Wien (OTS) – Bei fondsgebundenen Lebensversicherungen, kurz
Fondspolizzen, fallen
Kosten auf zwei verschiedenen Ebenen an – und beide schmälern die
Rendite. Die Doppel-Netto-Polizze setzt genau dort an: Sie optimiert
nicht nur eine dieser Ebenen, sondern beide gleichzeitig.

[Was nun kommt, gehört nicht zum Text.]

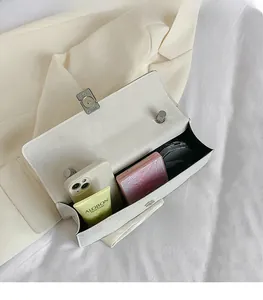 Interior view of white leather shoulder bag showing capacity for phone and cosmetics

Ebene 1 – die Versicherungshülle: Statt einer provisionsbasierten
Bruttopolizze, bei der Abschluss- und Vertriebsprovisionen jahrelang
in die Kostenstruktur eingepreist sind, kommt eine honorarbasierte
Nettopolizze zum Einsatz. Das bedeutet: Beratung wird einmalig und
transparent vergütet – der Sparanteil fließt vollständig in die
Anlage.

Ebene 2 – die Fonds darin: Herkömmliche Fondspolizzen enthalten
in der Regel Anteilsklassen, die mit sogenannten „Kick-Backs“
Provisionen zugunsten des Vertriebs beinhalten. Die Doppel-Netto-
Polizze nutzt stattdessen sogenannte Clean Shares – Fondsklassen ohne
zusätzliche Vertriebsprovisionen.

Das Ergebnis: Beide Kostentreiber werden gleichzeitig eliminiert.
Laut einer gemeinsamen Studie von fynup und der Arbeiterkammer Wien
gehen Anleger:innen bei konventionellen Produkten im Schnitt rund die
Hälfte ihrer Gewinne durch Provisionskosten verloren. Bei einer
monatlichen Sparrate von 200 Euro über 30 Jahre ergibt der Wechsel
auf eine Doppel-Netto-Polizze ein um rund 45.000 Euro höheres
Endvermögen. Das macht die Doppel-Netto-Polizze zu einem
hochattraktiven Finanzprodukt, das aber in der Breite kaum bekannt
ist. Der Grund: Sie wird von Provisionsvermittlern nicht empfohlen,
weil sie eben keine Provisionen enthält.

„Die meisten Menschen wissen, dass Finanzprodukte Kosten haben.
Die wenigsten wissen, auf wie vielen Ebenen diese Kosten gleichzeitig
anfallen. Wem diese Strukturen bewusst sind, kann die Rendite
entscheidend erhöhen“, fasst fynup-CEO Wolfgang Staudinger zusammen.